*** Block opens ***

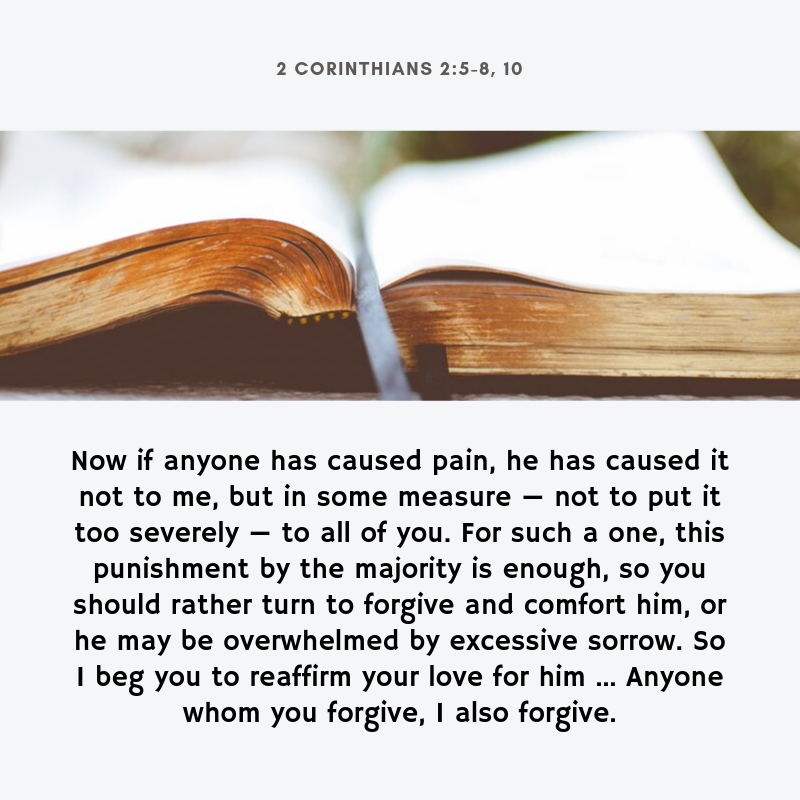 2 Corinthians 2:5-8, 10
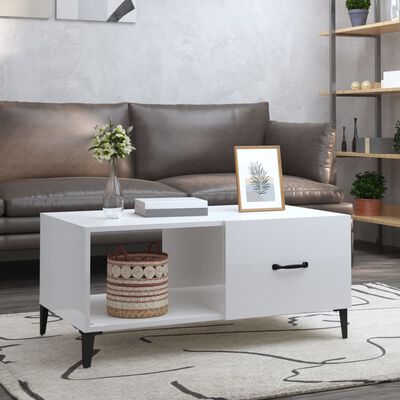 vidaXL Tavolino da Salotto Bianco Lucido 90x50x40 cm Legno Multistrato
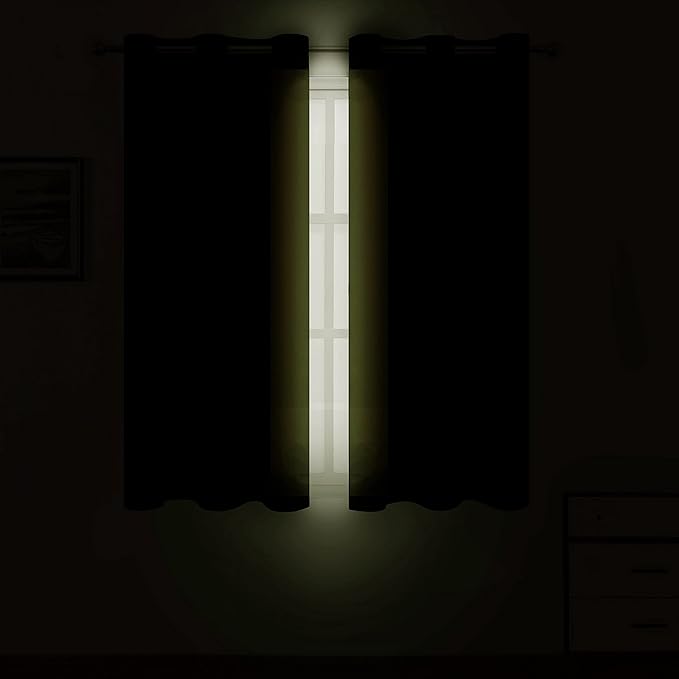 LEMOMO Olive Green Blackout Curtains 66 x 63 Inch Length/Set of 2 Curtain - Image 3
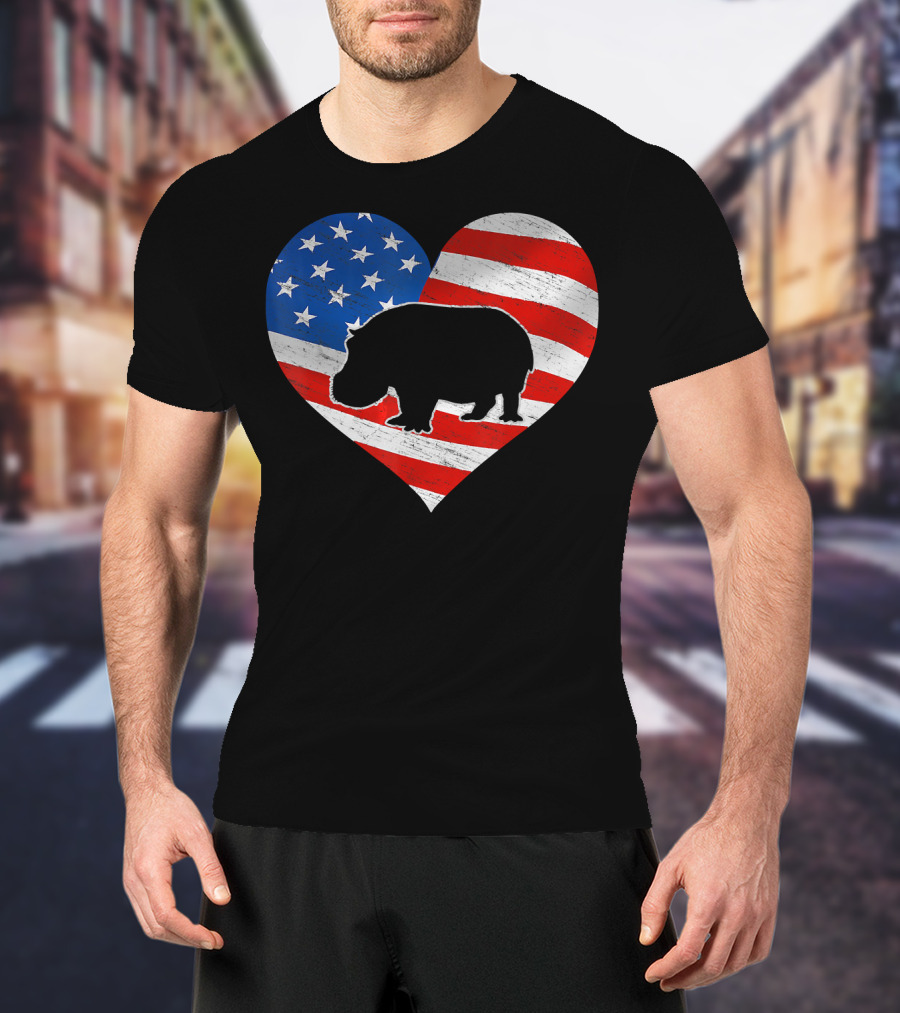 American Flag Hippo Heart T-Shirt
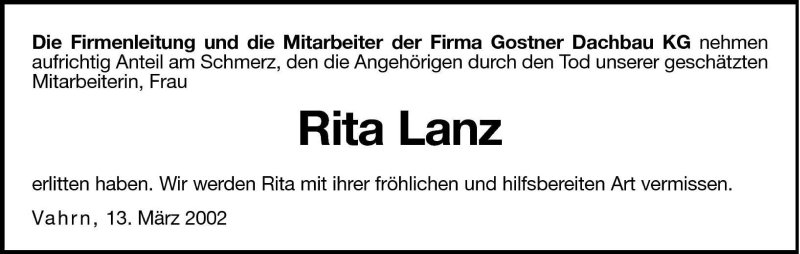  Traueranzeige für Rita Lanz vom 26.03.2002 aus Dolomiten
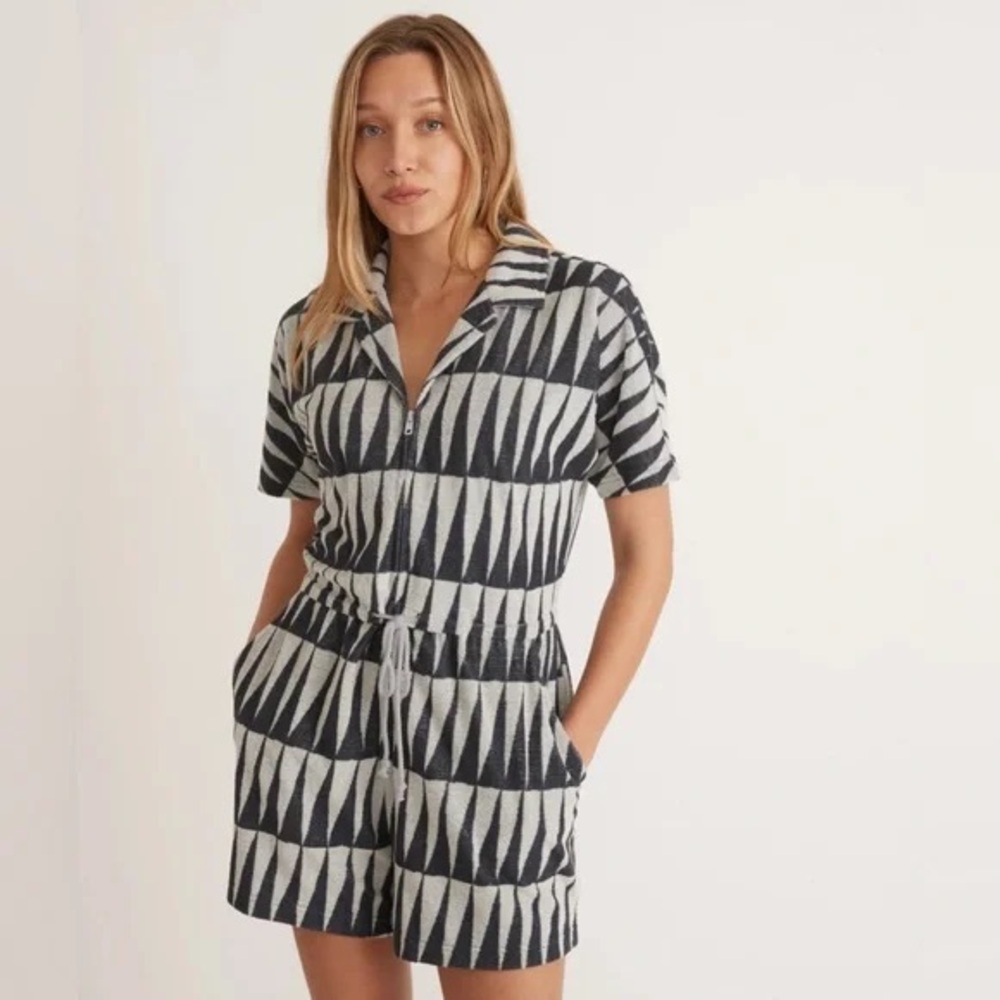 Marine Layer (M) Terry Out Romper- Terrycloth Geometric Print Retro Vibes Sporty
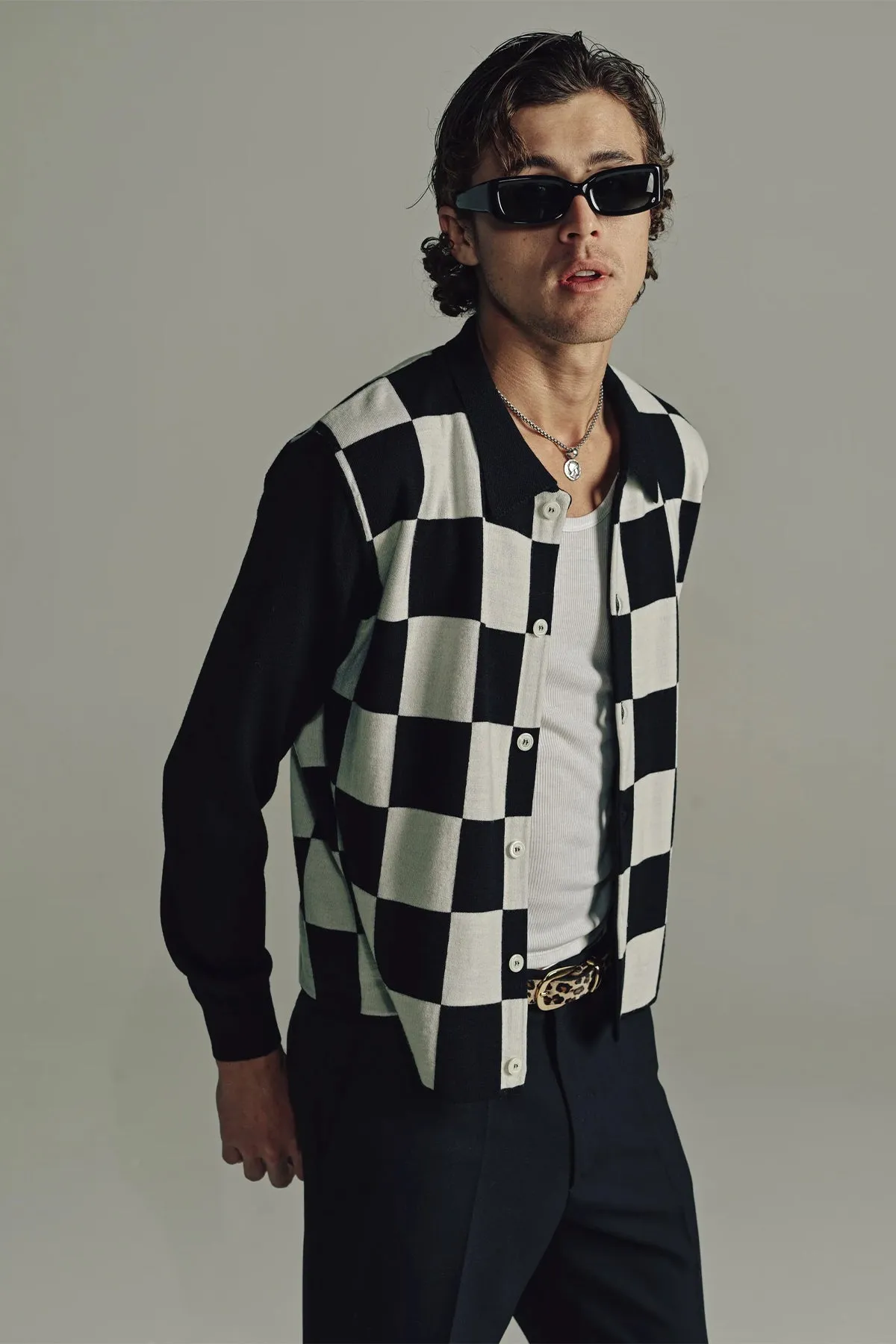SECOND/LAYER | CHECKERED BUTTON UP KNIT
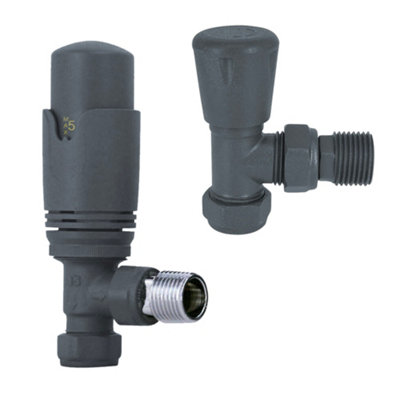 Right Radiators Anthracite Angled TRV Thermostatic Radiator valve & lockshield 15mm x 1/2"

*** Block closes ***

Work instruction: Each line above should be written out again exactly, and no picture should appear in the copy.

Written solution:
 2 Corinthians 2:5-8, 10
 vidaXL Tavolino da Salotto Bianco Lucido 90x50x40 cm Legno Multistrato
 LEMOMO Olive Green Blackout Curtains 66 x 63 Inch Length/Set of 2 Curtain - Image 3
 American Flag Hippo Heart T-Shirt
  Traueranzeige für Rita Lanz vom 26.03.2002 aus Dolomiten
 Marine Layer (M) Terry Out Romper- Terrycloth Geometric Print Retro Vibes Sporty
SECOND/LAYER | CHECKERED BUTTON UP KNIT
 Right Radiators Anthracite Angled TRV Thermostatic Radiator valve & lockshield 15mm x 1/2"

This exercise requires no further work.